In [179]:
import numpy as np
import pandas as pd
import torch
import torch.nn as nn
import torch.optim as optim
import torchvision.transforms as transforms
import matplotlib.pyplot as plt
from torch.utils.data import Dataset, DataLoader, TensorDataset
from sklearn.model_selection import train_test_split
from sklearn.metrics import accuracy_score

In [140]:
train_df = pd.read_csv('/kaggle/input/digit-recognizer/train.csv')
test_df = pd.read_csv('/kaggle/input/digit-recognizer/test.csv')

In [141]:
y = train_df['label'].values
X = train_df.drop('label', axis=1).values

## PyTorch implementation

### Prepare dataset

In [142]:
X_train, X_val, y_train, y_val = train_test_split(X, y, test_size=0.2, random_state=42)

In [144]:
X_train = torch.tensor(X_train, dtype=torch.float32) / 255.0
X_val = torch.tensor(X_val, dtype=torch.float32) / 255.0
X_test = torch.tensor(test_df.values, dtype=torch.float32) / 255.0

  X_train = torch.tensor(X_train, dtype=torch.float32) / 255.0
  X_val = torch.tensor(X_val, dtype=torch.float32) / 255.0


In [145]:
y_train = torch.tensor(y_train, dtype=torch.long)
y_val = torch.tensor(y_val, dtype=torch.long)

In [146]:
# Needed for PyTorch, would've been easier to use PyTorch's own MNIST dataset in other circumstances
class MNISTDataset(Dataset):
    def __init__(self, images, labels, transform=None):
        self.images = images
        self.labels = labels
        self.transform = transform

    def __len__(self):
        return len(self.images)

    def __getitem__(self, idx):
        image = self.images[idx]
        label = self.labels[idx]

        if self.transform:
            image = self.transform(image)

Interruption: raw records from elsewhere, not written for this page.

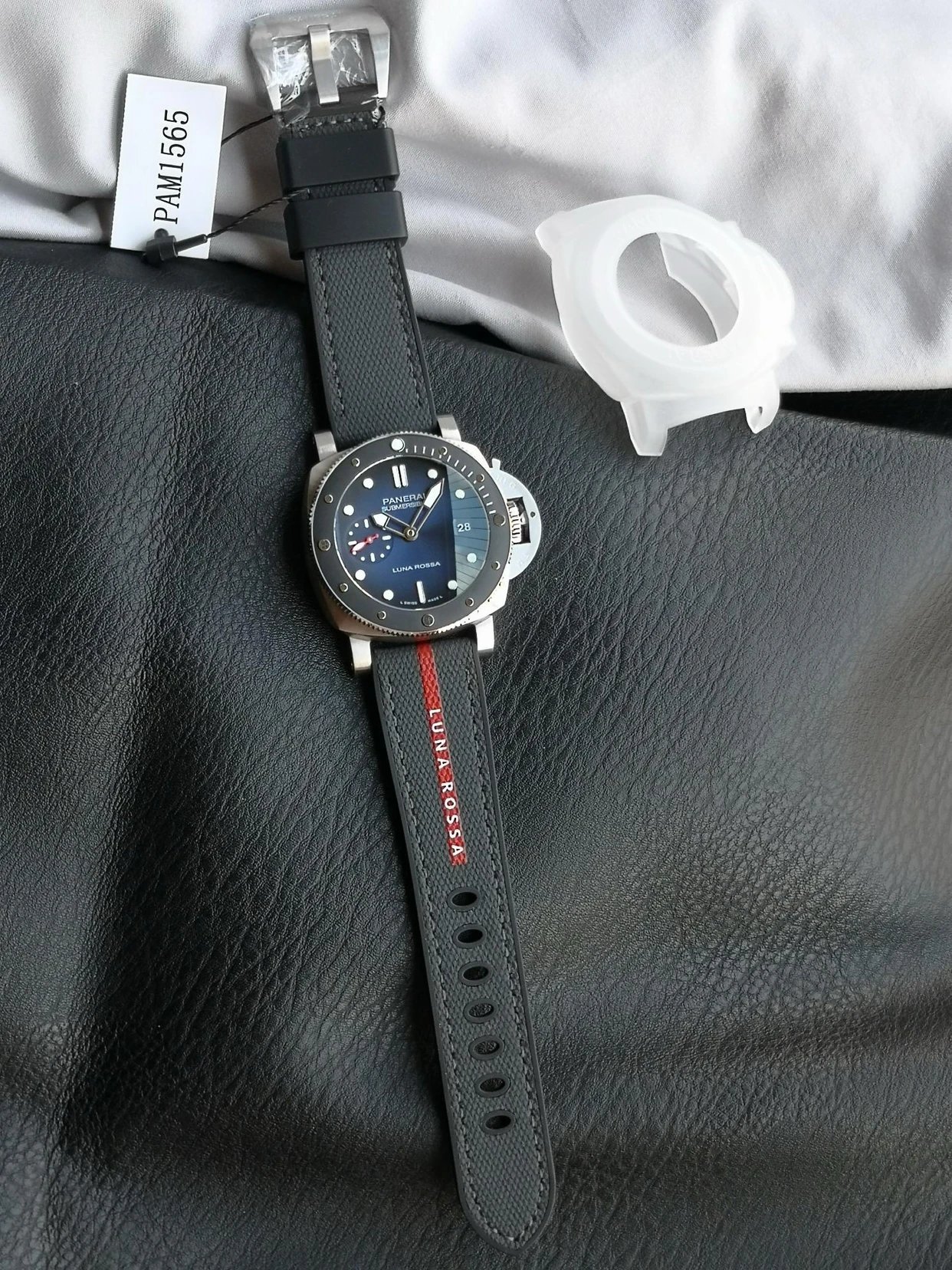 VS/ 파네라이 PAM1565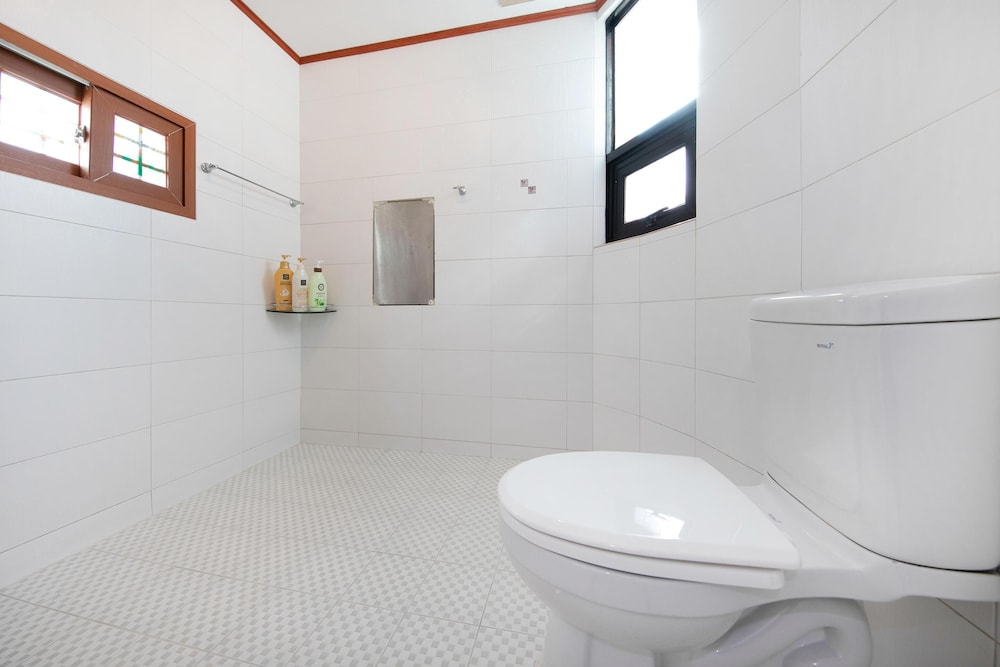 Basic Room, 1 Bedroom (Lavender(Mountain View)) photo 3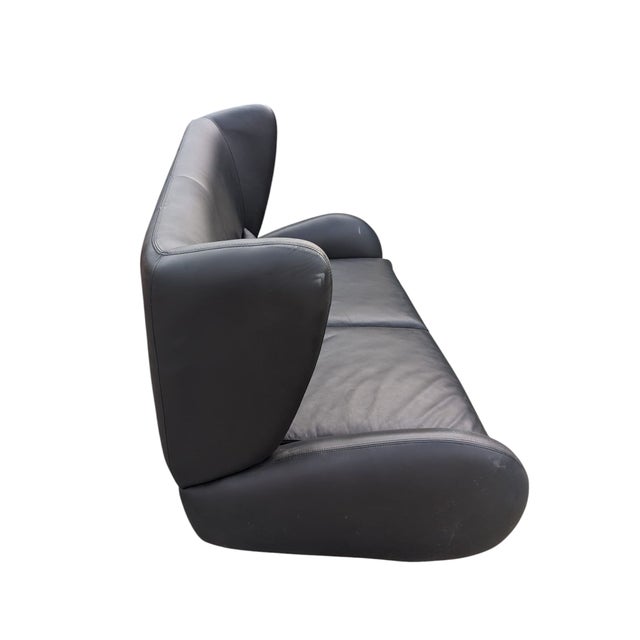 Mid-Century Modern Vladimir Kagan Wingback American Leather Studio Fiftyish Black Leather Sofa Silver-Toned Feet For Sale - Image 3 of 7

        return image, label

In [147]:
train_dataset = MNISTDataset(X_train, y_train)
val_dataset = MNISTDataset(X_val, y_val)

In [148]:
train_loader = DataLoader(train_dataset, batch_size=64, shuffle=True)
val_loader = DataLoader(val_dataset, batch_size=64, shuffle=False)

### Prepare model

In [149]:
class MLP(nn.Module):
    def __init__(self, input_size=28*28, hidden_size1=128, hidden_size2=64, num_classes=10):
        super(MLP, self).__init__()
        self.fc1 = nn.Linear(input_size, hidden_size1)
        self.fc2 = nn.Linear(hidden_size1, hidden_size2)
        self.fc3 = nn.Linear(hidden_size2, num_classes)
        self.relu = nn.ReLU()

    def forward(self, x):
        x = x.view(-1, 28*28)
        x = self.relu(self.fc1(x))
        x = self.relu(self.fc2(x))
        x = self.fc3(x)
        return x

In [165]:
model = MLP()
criterion = nn.CrossEntropyLoss()
optimizer = optim.Adam(model.parameters(), lr=0.005)

### Train model

In [166]:
num_epochs = 40

In [167]:
for epoch in range(num_epochs):
    model.train()
    running_loss = 0.0

    for images, labels in train_loader:
        optimizer.zero_grad()
        outputs = model(images)
        loss = criterion(outputs, labels)
        loss.backward()
        optimizer.step()
        running_loss += loss.item()

    print(f'Epoch [{epoch+1}/{num_epochs}], Loss: {running_loss/len(train_loader):.4f}')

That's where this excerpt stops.